Pentecost surprised him. "Excellent showing. Your time at the Academy has served you well."
"Yes, sir, thank you, sir!"
"I am satisfied with today's results." Pentecost gave them both hard stares. "Both of you will report to Belladonna Banshee at 1400 hours for your first neural handshake."
"Yes, sir!" they chimed together. Pentecost dismissed them in short order and disappeared, leaving the crowd to follow suit in its own time. Hanson returned to the adulation of his cheer squad, leaving Jack to collect his staff alone. A search of the remaining crowd revealed only a bare wall where Carter has stood only minutes ago. Only Teal'c came over to make sure Jack was okay.
"You did a great job, man" the kwoon master clapped a hand on his shoulder.

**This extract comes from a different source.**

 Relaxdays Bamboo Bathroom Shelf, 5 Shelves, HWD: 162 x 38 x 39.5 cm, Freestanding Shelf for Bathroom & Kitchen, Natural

Jack eyed him warily.
"If you say so," he responded. "Should I be worried that my copilot wants to kill me? No one else seems to be." Not even Teal'c seemed all that concerned. Jack understood that the Marshal outranked everyone on base, including the kwoon master, but even so he would have expected some kind of intervention from the guy whose responsibilities included the safe use his kwoon.
"Hanson doesn't want to kill you," Teal'c assured him with a grin. "Hanson just gets carried away sometimes. Always has."

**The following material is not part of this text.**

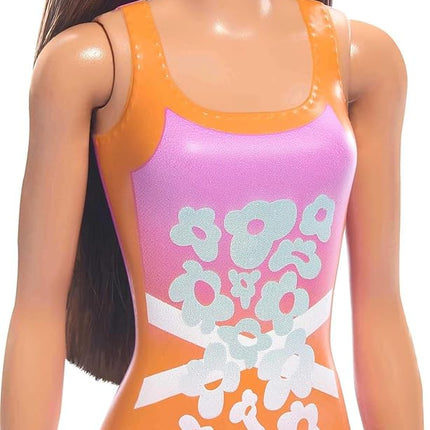 Barbie Fashion & Beauty Muñeca Playa con Traje de Baño Naranja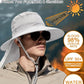 Outdoor Sun Hats with Stowable Neck Flap for Men Women UPF 50+ Mesh Summer Bucket Hat Wide Brim for Fishing Safari Hiking Light Grey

Jack accepted the towel Teal'c offered him and dried the sweat from his neck. The fibers poked the raw stripe on his throat where the staff had torn skin when they rolled. He checked for blood, and was relieved to find none. "Tell that to the stick he tried to throttle me with."
"Yeah, that wasn't his greatest showing," Teal'c hedged. "I would have stepped in if you hadn't taken care of it yourself."
"Uh huh." Jack didn't believe him. He'd only done what he did because no one intervened. Maybe the Academy's kwoon masters spoiled him for the realities of an active duty kwoon. The space suddenly quieted around him, and Jack realized Jonas and his group had finally left. "Whatever."
Jack turned to leave, only for Teal'c to stop him with a hand on his shoulder. "Look here, Ranger." The easygoing smile no longer softened the kwoon master's features. Jack had his attention. "Start to finish that last bout was barely ten seconds. I realized there was a problem the same time you did. You reacted first. That's all."
Jack didn't respond. Teal'c retracted his hand, and crossed his arms over his chest. "I take safety very seriously. The fact you handled the situation as quickly as you did means you deserve to be here. You're good, O'Neill. It's time you start believing it."
The resentment building in Jack's chest slowly eased. Unlike Hanson, Teal'c seemed sincere. Just hearing someone else confirm that Jonas crossed a line took the edge off this aggression. Deflated, his shoulders sagged. Teal'c sensed the shift in his mood and the hand came back to his shoulder.
"You expected something different today?" Teal'c asked. "Choir of drift-compatible angels, maybe?"
Jack shrugged, wiping his face with the towel. "Not once I met Hanson, I didn't. I dunno, I guess… I wasn't expecting much, but I guess part of me still hoped I'd get something like the stories said."
"I'm sorry, man. It's tough." Teal'c said it as a man who knew from experience. How many pilots had he drifted with over the years?
"What was it like for you?" Jack asked. He watched Teal'c's face carefully, looking for any sign he'd stepped out of bounds. "When you found your pilot, did you get that choir of angels? When did you know you were compatible?"
Teal'c didn't shut him down like Jack half-expected he would. His gaze grew heavy, but his smile remained, even if more nostalgic than before. "The minute I met her," he replied. "I was one of the lucky ones."
Then Teal'c clapped him on the arm and pointed him to the locker room. "You better get moving, man. You've got a lot of work ahead of you."